Where TRY TEK Equipment is Used
When people think about broken underground pipes, they think about the liquid or gas in the pipe leaking out into the environment, causing a major hazard or wasting of resources. While this is true for gas or water pipes, the biggest problem for broken sewer lines is that ground water infiltrating into the sewer pipe, which is known as “Inflow and Infiltration” (INI). Sewer pipes can develop cracks and joints can separate due to ground shifts from floods, earthquakes, traffic, and changing groundwater levels. This causes a problem at the sewage processing facility. Now, not only does the facility have to process normal sewage, but also the groundwater that found its way into the cracks in the pipe. The amount of water being unnecessarily treated can be very substantial, especially during heavy or extended rains. This can cause a need for unnecessary and expensive expansion of facilities. Not only is INI costly for the sewage treatment plant, it can cause dangerous erosion. As the groundwater flows into the pipe it carries with it small particles of soil, slowly eroding areas around the pipe and possibly causing dangerous sinkholes at the surface level. The traditional method for addressing this type of problem was to dig up the old pipe and replace it.

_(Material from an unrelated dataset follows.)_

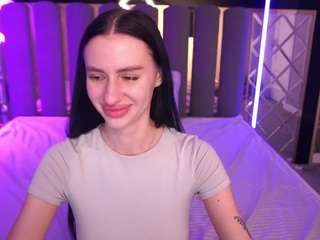 snowwhiteee CamSoda Model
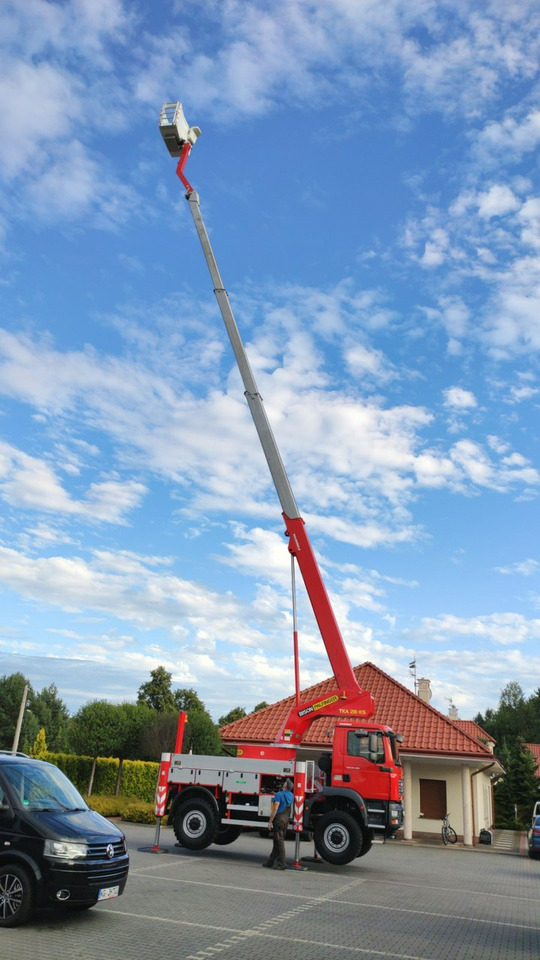 MAN TGM 18.280 4x4 Zwyżka Bison Palfinger TKA 28 Podnośnik Koszowy - Camión con plataforma elevadora: foto 3 MAN TGM 18.280 4x4 Zwyżka Bison Palfinger TKA 28 Podnośnik Koszowy - Camión con plataforma elevadora: foto 3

Trenchless Sewer Pipe Rehabilitation History
Trenchless sewer pipe rehabilitation for non-man-entry pipes began as far back as the 1920s with the use of the “Cement Mortar Lining” process for water pipes. By the 1950s grouting systems were developed for the sewer pipe industry. This is a tedious process and does not restore the structural integrity of the pipe. Plus, new cracks can develop in the same pipe that was just grouted. In 1971 a process was developed in England to repair sewer pipe without digging. By inserting a soft liner that can then harden, into the broken sewer pipe a new pipe could be placed inside the old pipe, with all the work done from the manholes. The new pipe liner covers over all the cracks from manhole to manhole, sealing tightly against the original pipe. Structural integrity is restored and flow is improved because the pipe surface is much smoother. Above ground there are no piles of excavated dirt, minimal traffic tie-ups, no risks of disturbing other nearby buried utilities and no complaints about disruption.
The technology has become known as Cured-In-Place-Pipe (CIPP) and has been a successful forerunner in the trenchless pipe-rehabilitation industry. Thousands of miles of pipe have been relined throughout the world for everything between 3” to over 100” diameters. Use of CIPP is now becoming commonplace, and is no longer just for special applications where excavation disruption or costs are too prohibitive.
Millions of feet of CIPP materials have been installed worldwide, have withstood every corrosive environment, and has survived the test of time. Billions of dollars have been saved because excavation was eliminated. From England the technology has expanded all over the world, the largest market being in North America. This same technology is also being used to repair natural gas and water pipelines.